Federal savings and loans have their roots in the building and loan associations that were prominent prior to the Great Depression. Like their predecessors, S&Ls focus on making home loans accessible for middle-class individuals and families.

Many building and loan associations were mutually held institutions—that is, owned by their members. They largely relied on a share-accumulation model whereby members committed to buying shares in the association and subsequently had the right to borrow against the value of those shares in order to purchase a home.

When many of these institutions began to struggle during the Depression, however, the Hoover and Roosevelt administrations stepped in to overhaul the industry. The government provided charters for federal savings and loans and established the Federal Home Loan Banking system to ensure that these new—or, at least, rebranded—lenders had sufficient liquidity.

Key Takeaways

  • Federal savings and loan institutions were formed as a result of the regulatory movement that followed the Great Depression.
  • These entities focus on low-cost funding for mortgages as well as savings and checking accounts.
  • As a result of the savings and loan crisis, the Office of Thrift Supervision began regulated these institutions from 1989 to 2011.
  • Since 2011, S&L deposits have been protected by the FDIC.

Deposits in federally chartered S&Ls were insured by the new Federal Savings & Loan Insurance Corporation (FSLIC), which aimed to provide depositors with the assurance that they would not take on losses.

S&Ls Versus Banks

Federal savings and loan businesses are operated in one of two ways. Under the mutual ownership model, an S&L is owned by its depositors and borrowers. Alternatively, an S&L can be established by a group of shareholders who own all the shares in the thrift.

This is different from commercial banks, which are typically owned and managed by a board of directors chosen by stockholders. Commercial banks are also more diversified in terms of the offerings they provide. Much of their lending is geared toward businesses and construction projects. They also often provide a broader array of services to consumers, such as credit cards and wealth management solutions.

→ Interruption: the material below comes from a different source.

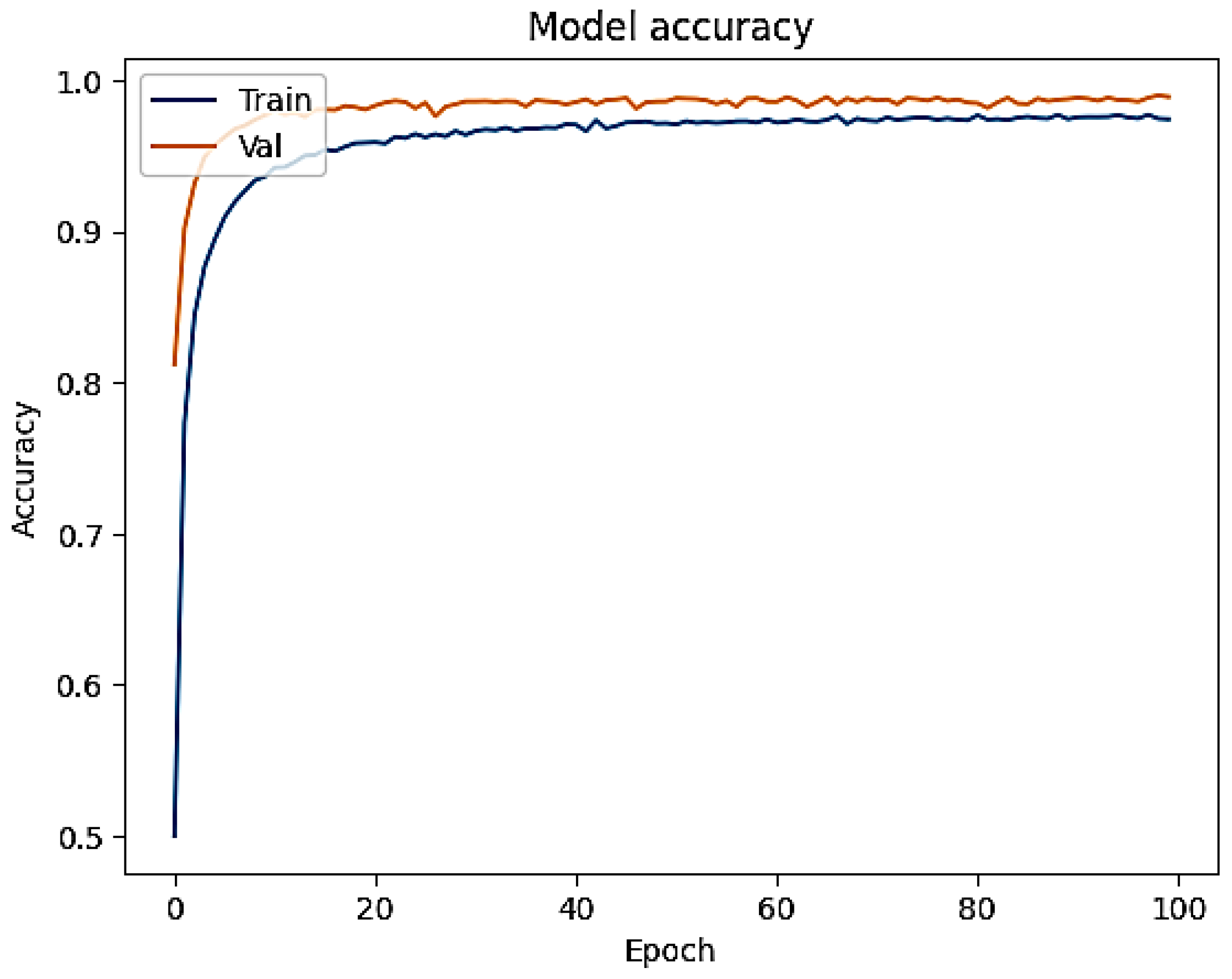Applsci 14 03903 g005 Applsci 14 03903 g005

By contrast S&Ls are much more focused on the residential mortgage market. By law they can only lend up to 20% of their assets for commercial loans. In addition, to qualify for Federal Home Loan Bank lending, S&Ls must show that 65% of their assets are invested in residential mortgages and other consumer-related assets.

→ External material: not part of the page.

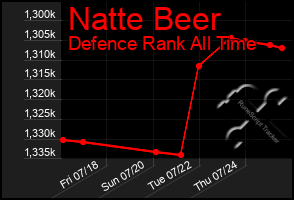 Total Graph of Natte Beer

History of Federal Savings and Loans

The post–World War II boom marked the peak of the thrifts’ influence, with the total number of S&Ls reaching 6,071 by 1965. That growth would be threatened, however, when in 1966 Congress limited the interest rates that S&Ls and commercial banks could place on depository accounts. When interest rates rose in the 1970s, consumers began withdrawing their funds and putting them into accounts that offered a higher yield. Moreover, a stagnant economy meant that thrifts had fewer borrowers who could qualify for a loan.

In order to address these challenges, legislators passed laws to deregulate S&Ls in the early 1980s. They now had the ability, for example, to offer a broader range of products and use less-restrictive accounting procedures. But rather than alleviating the thrifts’ problems, the laws seemed to contribute toward multiple cases of mismanagement and fraud later in the decade. By 1990 the government estimated that S&L misconduct had cost the American public as much as $75 billion.

In reaction to the growing insolvency of the savings and loan industry, the government in 1989 reestablished stronger oversight and created the Office of Thrift Supervision. This regulatory body, itself a division of the Treasury Department, helped to ensure the safety and stability of member savings and loans. It was dissolved in 2011 and its functions were subsumed into other agencies. Savings and loan deposits came under the protection of the Federal Deposit Insurance Corporation (FDIC) and remain so today. 

While S&Ls survived the crisis, their prevalence has dwindled significantly since their zenith in the 1960s. As of Dec. 31, 2018, there were 691 FDIC insured savings institutions.